Friday, January 4, 2013

Courts offer mixed rulings on HHS mandate


The travesty of the Health and Human Services mandate in the Affordable Care Act continues to rankle. The mandate requires employers to underwrite for employees contraceptives, including abortion-inducing drugs such as Ella, and female sterilization through their insurance programs. The law is driving complainants of many religions to court.

            Some religious non-profits have a safe harbor and do not have to fund health plans that cover contraceptives and sterilization until after August 2013. For-profit companies, however, are under the gun now. The for-profit business owners who object to the mandate either must violate their consciences and pay for plans that include services they morally oppose or hold to their principles and face backbreaking fines.

            The Becket Fund reports that there are 43 cases and over 110 plaintiffs challenging the mandate in court. So far, at least 12 for-profits have obtained initial rulings that take up the merits of their case, and nine of those rulings have granted the companies preliminary injunctive relief against the mandate.

            Reasons for the decisions vary. In some instances the court recognizes that the government is likely violating the Religious Freedom Restoration Act, which forbids the federal government from substantially burdening religious exercise, unless it is the least restrictive means of furthering a compelling government interest. One plaintiff suggested that if the government is bent on saturating the nation with contraceptives, it might hand them out for free rather than force churches and others to pay for them.

A Federal Court in Missouri issued a temporary restraining order on December 31 invoking both the First Amendment and RFRA in Sharpe Holdings, Inc. v. United States Department of Health and Human Services. According to the blog Religion Clause, “the court concluded that under the Religious Freedom Restoration Act the mandate and its penalties would substantially burden plaintiffs’ free exercise rights.” It added also that “for 1st Amendment purposes, the mandate is not a neutral law of general applicability.”

Said the court: “[T]he ACA mandate is not generally applicable because it does not apply to grandfathered health plans, religious employers, or employers with fewer than fifty employees.” It agreed with plaintiffs’ argument that the “mandate’s exemptions clearly prefer secular purposes over religious purposes and some religious purposes over other religious purposes. Burdens cannot be selectively imposed only on conduct motivated by religious belief.”
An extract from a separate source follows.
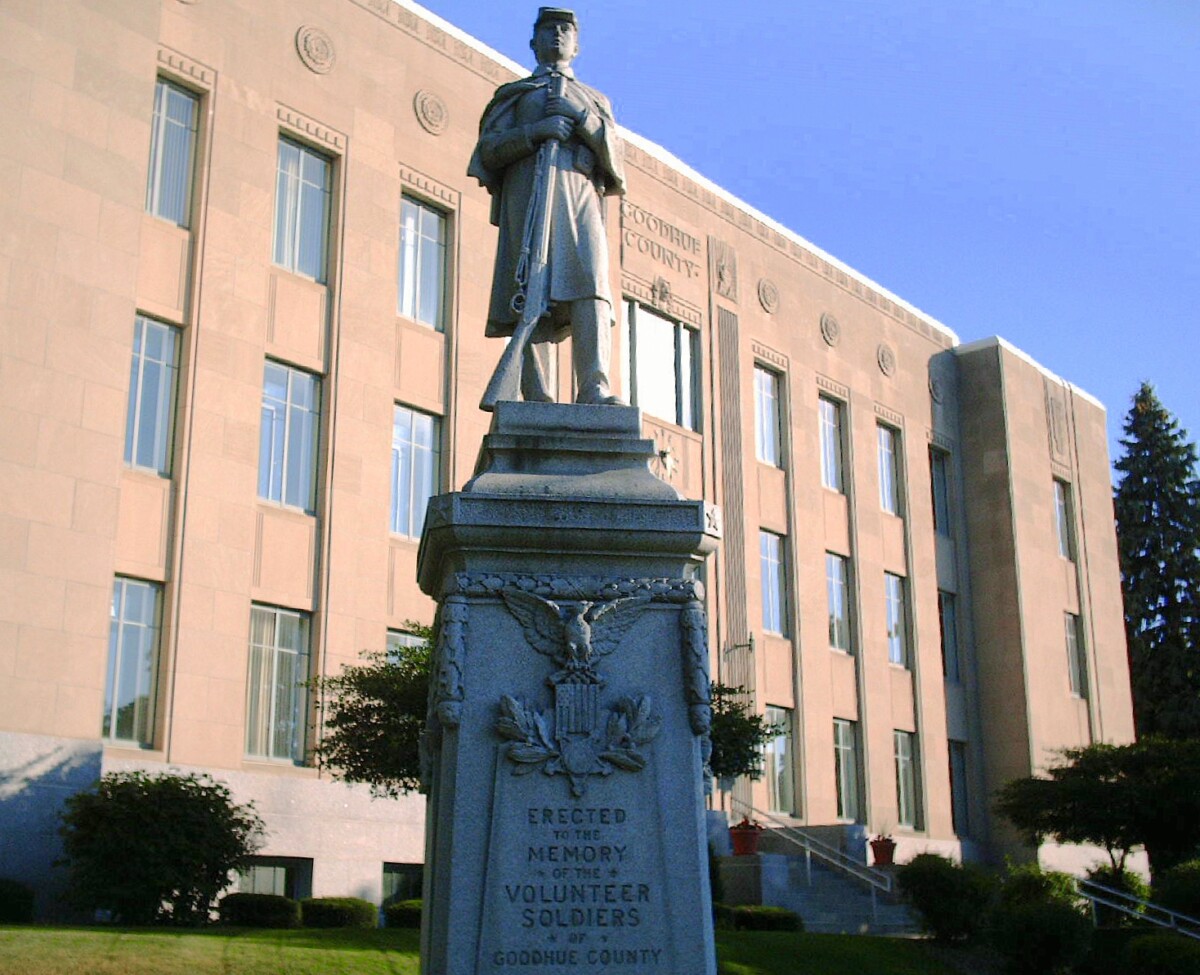 A statue of a soldier in front of the Goodhue County Courthouse with a plaque that reads, "Erected to the Memory of the Volunteer Soldiers of Goodhue County".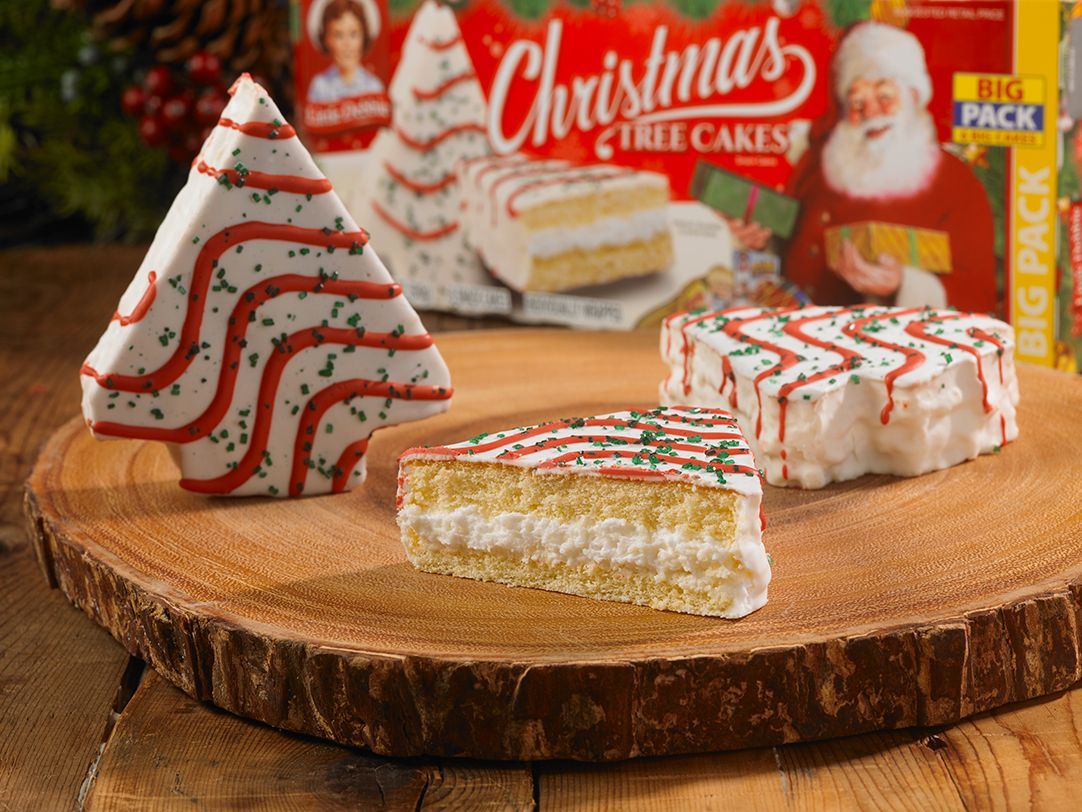 A christmas tree shaped cookie next to a slice of cake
In Michigan, a federal district court held that the property management company, Domino’s Farms Corp., and its owner Thomas Monaghan (founder of Domino’s Pizza) had adequately alleged that the mandate imposes a substantial burden on Monaghan’s Catholic religious beliefs. The court noted that the Supreme Court has held that “‘putting substantial pressure on an adherent to modify his behavior and to violate his beliefs’ substantially burdens a person’s exercise of religion.” The district court added that for itself, “the Court is in no position to decide whether and to what extent Monaghan would violate his religious beliefs by complying with the mandate....  Other courts have assumed that a law substantially burdens a person’s free exercise of religion based on that person’s assertions.”

 The court added that the government had not carried its burden under the RFRA showing that it had a compelling interest or used the least restrictive means in burdening plaintiff’s free exercise.

Decisions conflict. The judge in Grote Indus. v.Sebelius in Indiana ruled against the plaintiff and declared that the burden of the mandate is “likely too remote and attenuated to be considered substantial.”

Personally, it is hard to see how forcing someone, against his conscience, to purchase insurance coverage that includes abortion-inducing drugs could not be a substantial burden. In a Chicago courtroom, the Seventh Circuit judges in Korte v. Sebelius got it right when they responded to similar arguments that “the religiousliberty violation at issue here is inherent in the coerced coverage of contraception, abortifacients, sterilization, and related services, not—or perhaps more precisely, not only—in the later purchase or use of contraception or related services.”

Simply put, the issue is not about using contraceptives, it is being coerced to offer or purchase a plan that covers them. Clearly courts should not be in the business of telling people – be they businessmen or bishops – what constitutes a substantial burden on their exercise of religion. The few courts that have ruled the wrong way so far have impermissibly delved into a moral analysis of religious claims.